■ Task prompt
In your copy of the data below, reproduce every entry exactly and omit the pictures.
START Information given
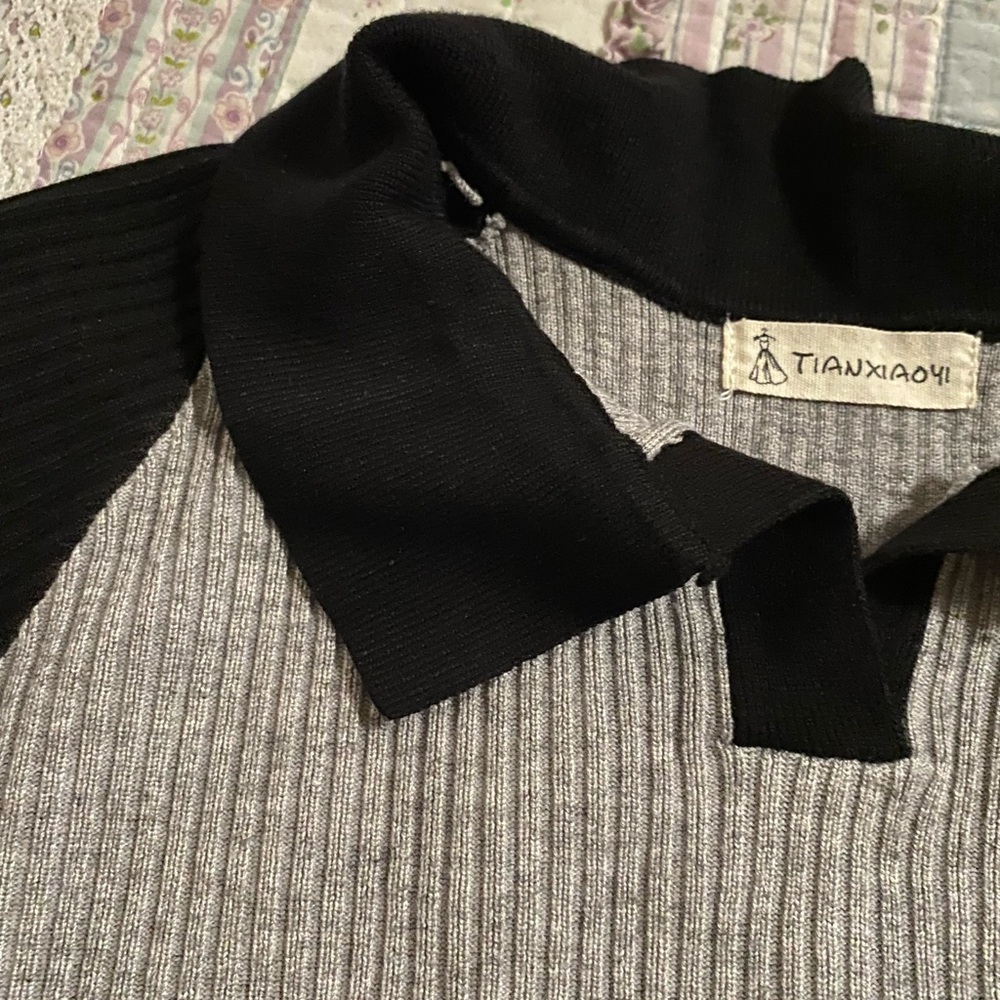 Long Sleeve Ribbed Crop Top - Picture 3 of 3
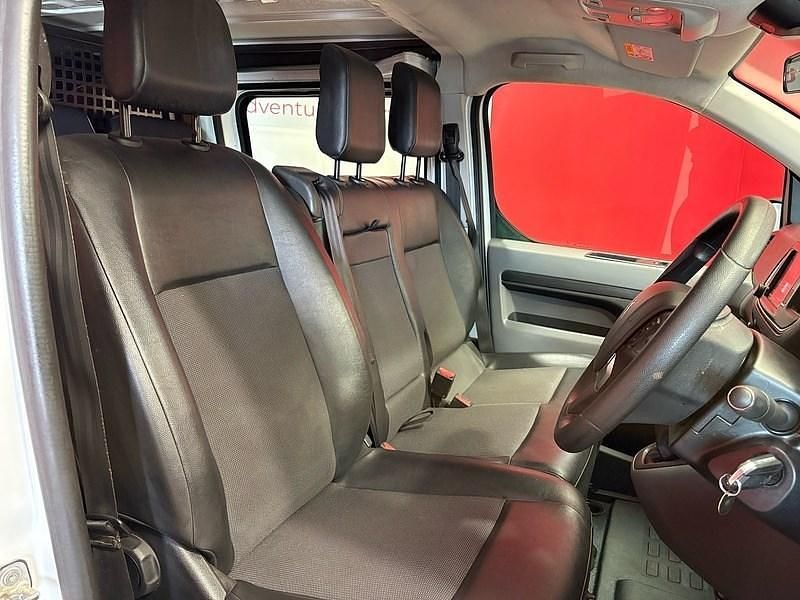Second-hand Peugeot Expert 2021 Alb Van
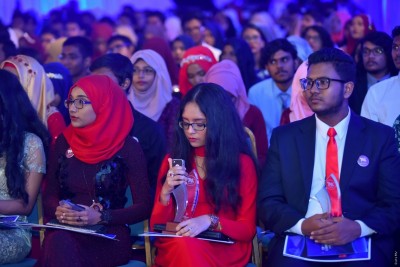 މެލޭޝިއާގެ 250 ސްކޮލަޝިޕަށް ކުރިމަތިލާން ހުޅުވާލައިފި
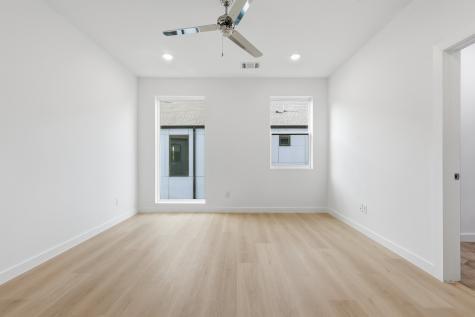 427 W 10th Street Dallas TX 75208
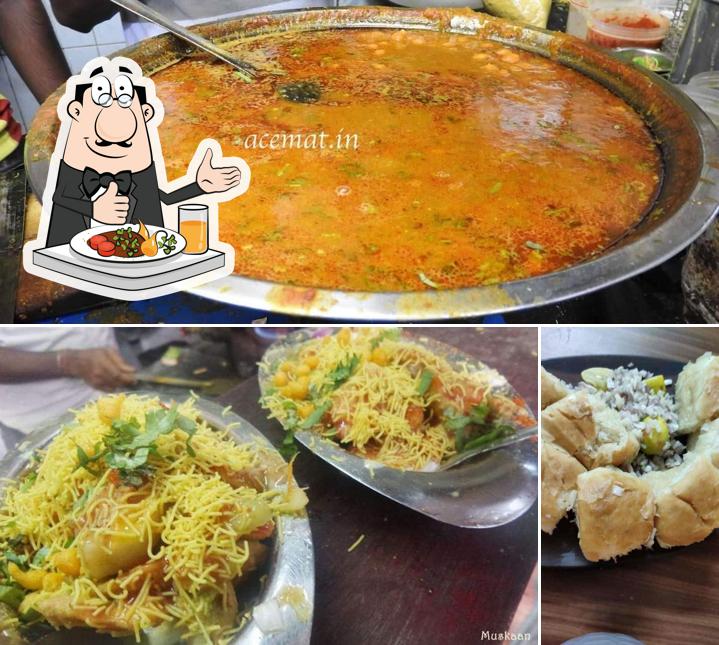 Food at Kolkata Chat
END Information given
■ Problem solution
 Long Sleeve Ribbed Crop Top - Picture 3 of 3
Second-hand Peugeot Expert 2021 Alb Van
 މެލޭޝިއާގެ 250 ސްކޮލަޝިޕަށް ކުރިމަތިލާން ހުޅުވާލައިފި
 427 W 10th Street Dallas TX 75208
 Food at Kolkata Chat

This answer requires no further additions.